A la monarquía no le encuentro mayor uso que ser materia prima para chistes, cuentos infantiles y revistas del colorín. Tomársela más en serio conduce a la melancolía, cuando no a la ira y al envenenamiento de la sangre. Como muchos, celebraría su envío definitivo al desguace de la Historia, pero mientras llega ese día (que no sé yo), practico la limitación de daños y hasta soy capaz de entretenerme con sus venturas y, especialmente, sus desventuras, que de un tiempo a esta parte son casi todas.

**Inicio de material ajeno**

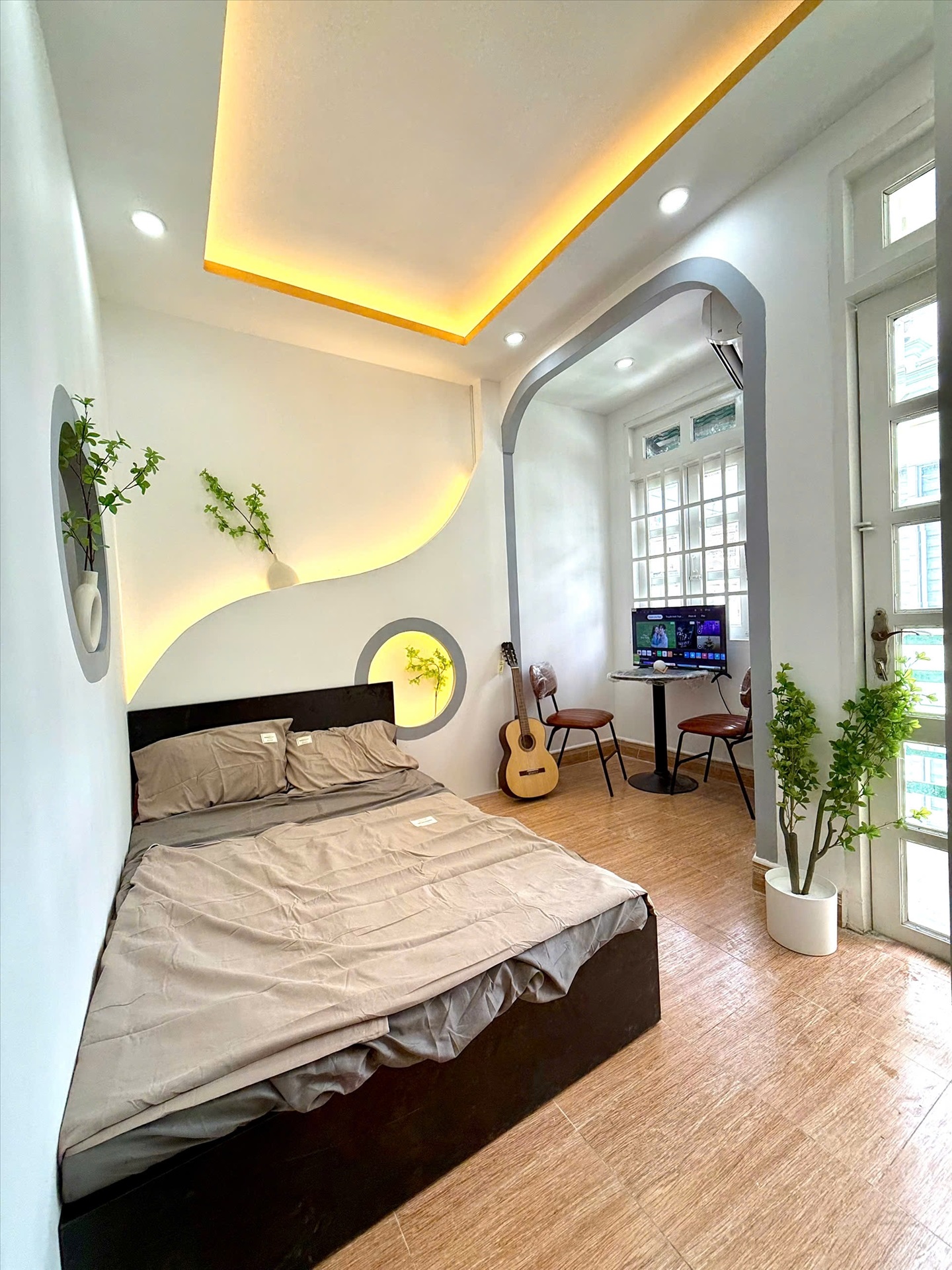 Phòng trọ AQ Home Cách Mạng Tháng Tám - Quận 10 - Phòng (*)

Sigo también nada a disgusto las historietas menudas de la regia condición, como el pase a la reserva de Beatriz de Holanda y los inevitables paralelos con la borbonada ibérica que se han dejado caer. Con indisimulable sofoco, los papeles cortesanos —que igualmente son casi todos, incluidos los de muy cerca— se han apresurado a aclarar que los parecidos empiezan y terminan en las edades de los protagonistas y en el hecho de que ambos sucesores están desposados con plebeyas, término todavía al uso en estas rancias esferas. De risa floja, leer a modo de excusatio non petita en la portada de un vetusto diario que la jubilación de la soberana del país de los tulipanes y los coffe shops sigue “la tradición holandesa”. Ojito con las tradiciones, que en la dinastía zarzuelera podría considerarse tal que los hijos le bailen el trono a los padres por la jeró. Lo hizo Fernando VII con Carlos IV y, con la inestimable ayuda de Franco, el propio Juan Carlos le endiñó la trece-catorce a su viejo, que se fue al pudridero del Escorial sin haber catado la corona y seguramente acordándose del mal día en que engendró al rapaz que se saltó el escalafón.

Ya digo que ni me quita el sueño ni me da más lo que ocurra con los Capetos de este lado de los Pirineos. Como pagano a escote de su tren de vida, solo les pido un poco más de espectáculo. Una abdicación, a lo neerlandés o a lo hispanistaní, no estaría mal… para empezar.